E esse é um tipo de pensamento que não nutre a nossa mente. Um tipo de pensamento que não a fortalece. Um tipo de pensamento que não contribui para nossa evolução como sociedade.

Pois é um tipo de pensamento em que, ao invés de pensar, nós “somos pensados”.

E os autores dos textos acabam arregimentando simpatizantes, aproveitando um sentimento de indignação legítimo para, subliminarmente, disseminar opiniões que lhes interessam. Opiniões, muitas vezes, enganadoras, falaciosas, com implicações imprevistas, baseadas em supostos “fatos” que, se fossem checados, se revelariam falsos.

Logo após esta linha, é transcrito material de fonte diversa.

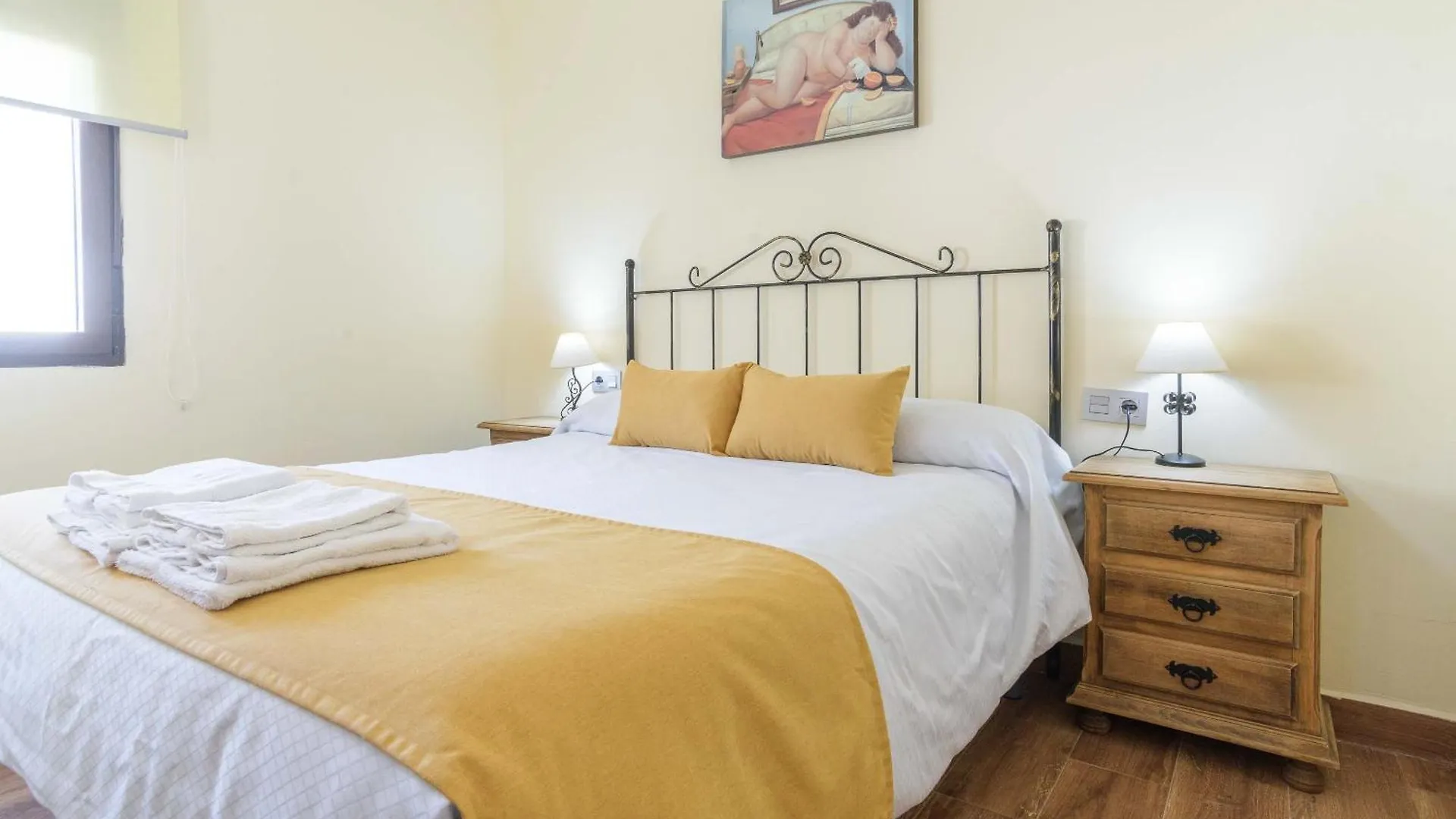 Country house Casa Rural La Loma Granada Spain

Tomando este próprio texto como exemplo, consideremos:

Há, em algum momento, uma crítica direcionada a este ou aquele partido, a este ou aquele programa de governo? Ou é somente o “tom” do texto que dá essa impressão?

Pois o que tento dizer não é que este ou aquele partido está certo, este ou aquele programa é desejável ou não, esta ou aquela opinião é correta ou errada.

A questão, aqui, é entender com profundidade o que estamos lendo. E, assim, ter mais poder sobre nosso próprio pensamento. Poder para formar opiniões mais claras. Mais consistentes. Mais embasadas. Mais refletidas. E, no fim das contas, mais fiéis à nossa própria maneira de ver o mundo.

E, assim, poder estabelecer diálogos mais produtivos, que transcendam o nível das ofensas e atinjam o nível da busca clara, e ao mesmo tempo firme, daquilo que deve nortear a política do nosso país, do nosso estado, da nossa cidade.

Lembrando sempre que o respeito à opinião do outro é indispensável para a democracia e para o avanço de nossa sociedade. Não é desqualificando o outro que se evolui, mas através da participação consciente e do diálogo produtivo.

E diálogo é diferente de dois monólogos se enfrentando.

Ouvir, abrindo-se para entender e refletir sobre o que se ouve, é tão importante quanto falar.

Protestar é fundamental para a melhora da nossa sociedade, mas é o protesto com pleno conhecimento de causa que pode garantir uma melhora verdadeira.